Alive again
Photo gallery: Sound/Clash event at the Lotus Soundbar |
By Kawehi Haug
Advertiser Entertainment Writer
| |||
|
|||
On this night, the shift seems inevitable. When the smaller first-floor room of Lotus Soundbar is thumping to the boom-bap beat of a popular hip-hop track, and the large upstairs room is vibrating with live, raw rock 'n' roll, the club paradigm seems to be turned on its head.
Shouldn't it be the other way around? The hip-hop DJ and his followers in the big room and the fringe indie rockers crammed into a small, sweaty space where the fist pumping and moshing are dangerous by virtue of the size of the room?
The norm is not the case on Thursday nights when Sound/Clash, a weekly event at Lotus that serves as a showcase for local rock bands, takes over the Waikiki club's big room. It attracts, for at least one night each week, a crowd that's more comfortable in piercings and tattoos than in Sean John jeans and baby-doll Ts.
Here, the night belongs to Black Square groupies and Hell Caminos fans. Here, the music is real (sometimes real bad, but that's part of the charm of live entertainment) and the bands are almost always local and unsigned.
Attendance at the Thursday night events fluctuates from week to week. But if Michelle Lee, a 23-year-old Makiki resident and self-labeled "indie rocker girl" who's been on the city indie scene since her freshman year of college, can speak for other scenesters, then the reason for the sometimes low attendance is actually a pretty good one.
"We have so many options now — I mean, more than we had before," she said over the often off-key wailings of Awry by Design frontman Howard (as in the Duck). "Before we would get one indie night a month, if we were lucky. We used to all rush to the one event, but now we can spread ourselves out."
Has the shift — the one that sees DJ-based club events move to the sidelines, while live music takes center stage — begun here in earnest? The Honolulu club buzz suggests that perhaps audiences are ready to trade in their all-expectations-fulfilled party mentalities (even a bad DJ can play good Kanye West) for the gamble of seeing a garage rock band from Palolo that may or may not be worth a second chance. Club events that feature live music, though still not as popular, nor as ubiquitous, as DJ events, are cropping up all over the city, which suggests that the demand is there for something other than a seamless mix of top 40 hits.
With Kaleidoscope Tuesdays at NextDoor, Sound/Clash Thursdays at Lotus, Fridays and Saturdays at Chinatown's new indie rock venue The Loft and intermittent one-time shows at venues such as Anna Bannana's, Kemo'o Farms, Kainoa's and Pipeline Cafe, there are indeed more options than there were two years ago.

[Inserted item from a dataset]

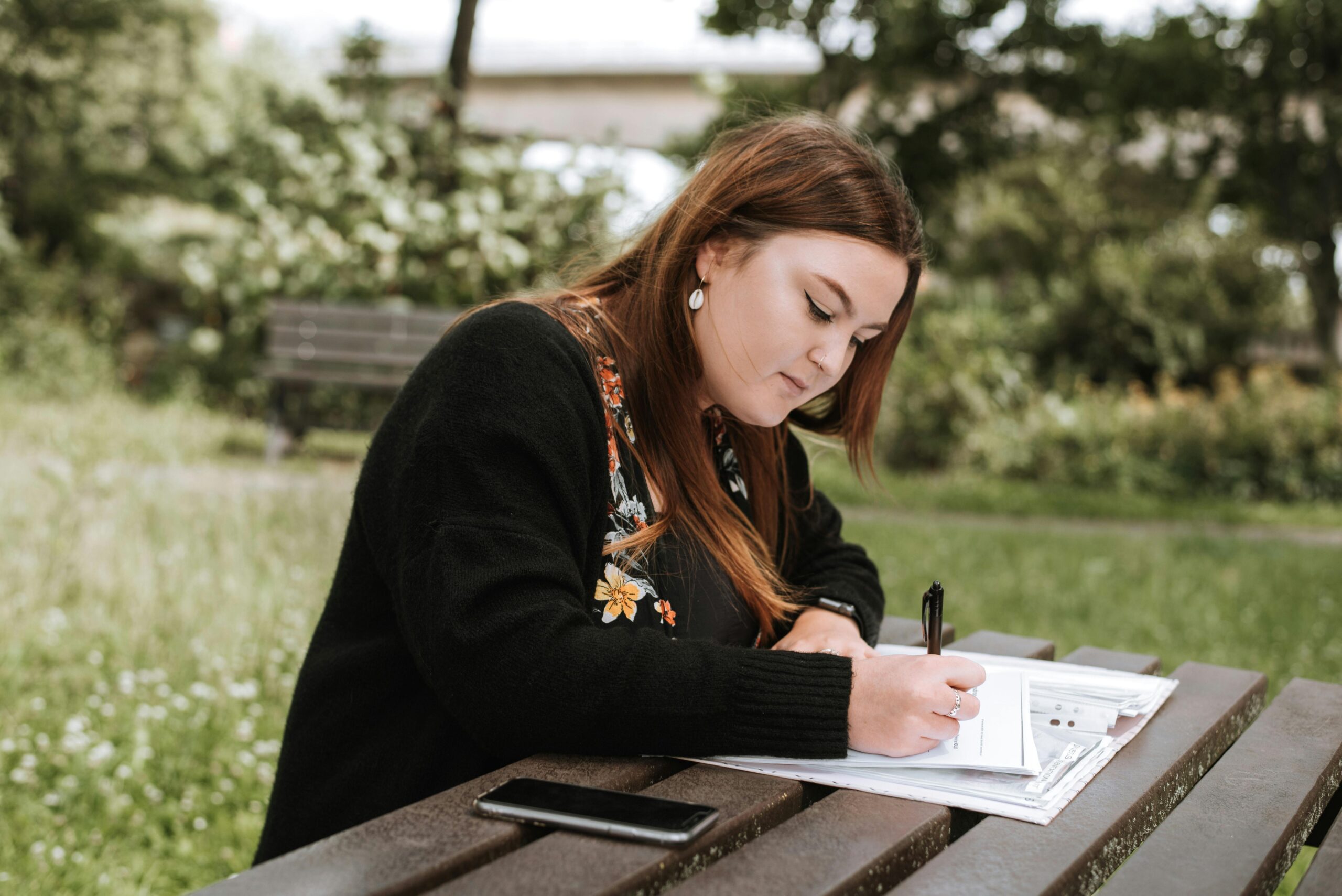Services Focused young woman writing in a notebook while studying outdoors in a summer park.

"I've definitely noticed an upswing in the live indie scene here," said Matty Boy Hazelgrove, a local club and concert promoter. "The overall interest in live music, and the fact that we're starting to bring in a lot more bands, go hand in hand."
Hazelgrove's production company BAMP Project, which he co-owns with Flash Hansen, has been responsible for bringing in a string of big-name bands, the audience for which is largely indie-music fans. So far this year, the promoting duo has on its agenda concerts by Incubus (with the Silversun Pickups), Motion City Soundtrack, Minus the Bear and Ween.
But not everyone is ready to see this city's nightlife turned over completely to lovers of the live rock show.
"The question of whether the demand for DJs is declining is an interesting one," said event promoter Greg Dehnert, also known by his DJ moniker G-Spot, who's been spinning and hosting events in Honolulu for about 15 years.
"There's new blood out there as far promoters go. There are all kinds of people putting on live shows now, and that's great. It's great to see that part of the scene being revived. But most of the clubs out there are DJ-based, and that's not going to change."
That's not because of resistance to change, he said, but because there's a certain level of practicality that promoters consider when booking talent for their events. DJs are easier to accommodate. The cost of bringing one performer versus a band of performers is an issue, Dehnert said. Why risk a fistful of cash bringing a band that might not sell seats when it's easier — and cheaper — to book a one-man show that's sure to draw club-goers with his or her mash-up of pop song hits?
That, then, is the burning question: Why take the road less traveled when DJs do the trick?
"We know we're not going to win on all of them," Hazelgrove said of his scheduled band lineup. "But the more live music we book, the more we turn it into a legitimate option."
Indie rocker girl — and everyone like her — has her fingers crossed that the current live music surge has staying power.
"I just hope this isn't a trend that's going to fade out by the summer," said Lee, while nodding her approval at the Chemical Brothers track that played over the sound system while the next band got ready to join the Sound/Clash.
"That'll totally blow. But it doesn't seem like it. People dig watching live bands. No DJ can even come close."